The Steroid Show strikes out (and other annoying sports puns)

http://www.washingtonpost.com/wp-dyn/articles/A43422-2005Mar17.html

Question: If an athlete testifies about steroids and no cameras capture it, will we have to worry about any more athletes testifying?

It’s a silly question, I know, because there is no way we could have realistically expected TV news cameras to ignore this spectacle. The lure of baseball’s best, elbow-to-elbow, scowling and sobbing, proved irresistible to most Americans, whether they were baseball fans or not. So the cameras lined up, the politicians pontificated, and the players evaded. Reporters fired sports clichés faster and less accurately than a Curt Schilling fastball. The steroid show was in full swing.

Was any of this news? I’m sure there are a million ways to justify coverage, but did we learn anything useful?

Well, just in case you started pondering any of these questions, Congress of-fered up this convenient rationalization: This is for the kids.

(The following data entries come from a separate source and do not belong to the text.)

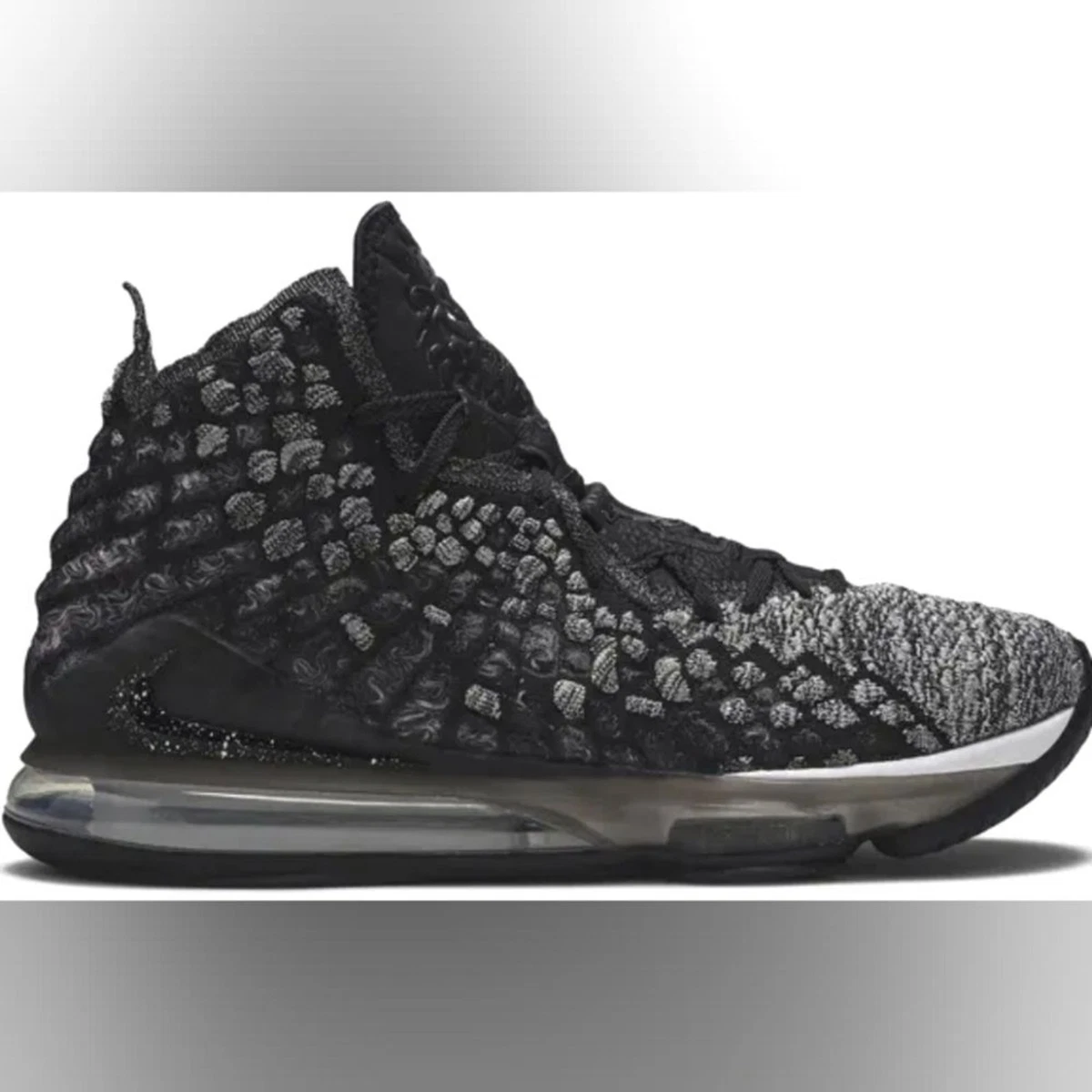 LeBron XVII バスケットボールシューズ Amazon.com | Nike Lebron Xvii (gs) Big Kids Bq5594-005 Size 6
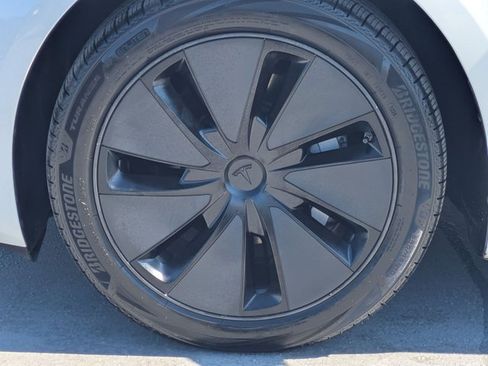Used 2025 Tesla Model 3 Long Range RWD image 26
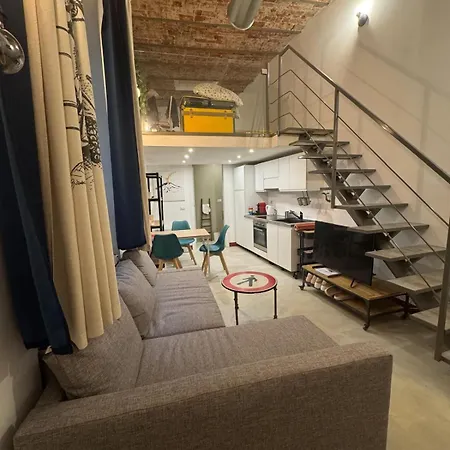 아파트 Ariberto Duplex - Walk To Metro M2 & M4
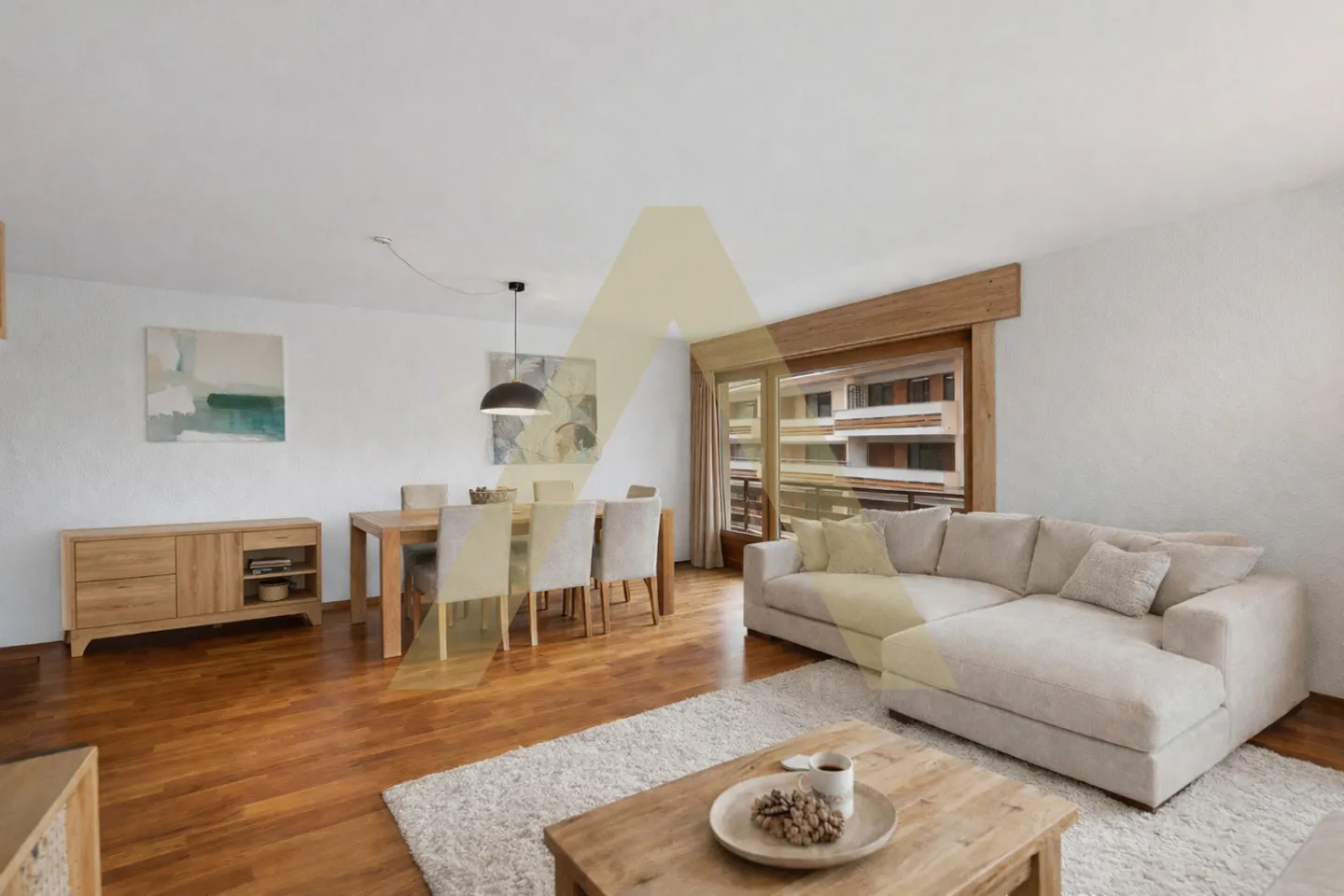 Spacious and bright apartment in the city center - Photo 3 of 13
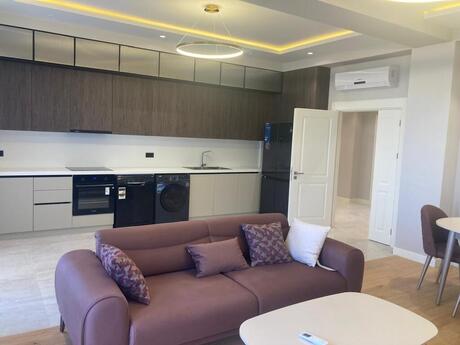 Elan №5406594 - Bakı, Ağ şəhər q., 4 otaqlı, 165 m², 6/7 mərtəbə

That’s right. Mark McGwire and company were hauled in front of The House Government Reform Committee to set an example to kids all over. Listen up kids, if you take steroids, you might break baseball’s most cherished records but you will eventually face a day of embarrassment in front of our nation’s legislators. Scared straight now?

Here’s an idea: if you really want to scare kids off of steroids, make baseball players show us how the drugs really affect them.

According to webmd.com, men who use steroids might develop breasts, have their testicles shrink, experience impotency, become bald, get acne, and de-velop jaundice. Now those are real deterrents not to mention great TV. Let the cameras line up to see Mark McGwire with breasts. So Jose Canseco isn’t bald yet, but there is a long line of other effects that we could explore with parental warning. Are those pimples on your back, Sammy?

But no…. We have to suffer through politicians asking the tough ones: Do you think using steroids is cheating? Are you kidding? You subpoena star sluggers under the guise of serving the public and you inquire, “Is it cheating?”

Why are the networks even covering that? During the political conventions, broadcast networks boycotted much of the proceedings because they bemoaned them as being too boring and too scripted. Can’t we apply the same standard here? Please? For the kids?

I guarantee you if the athletes testify and no cameras show up, Congress will move on to real work.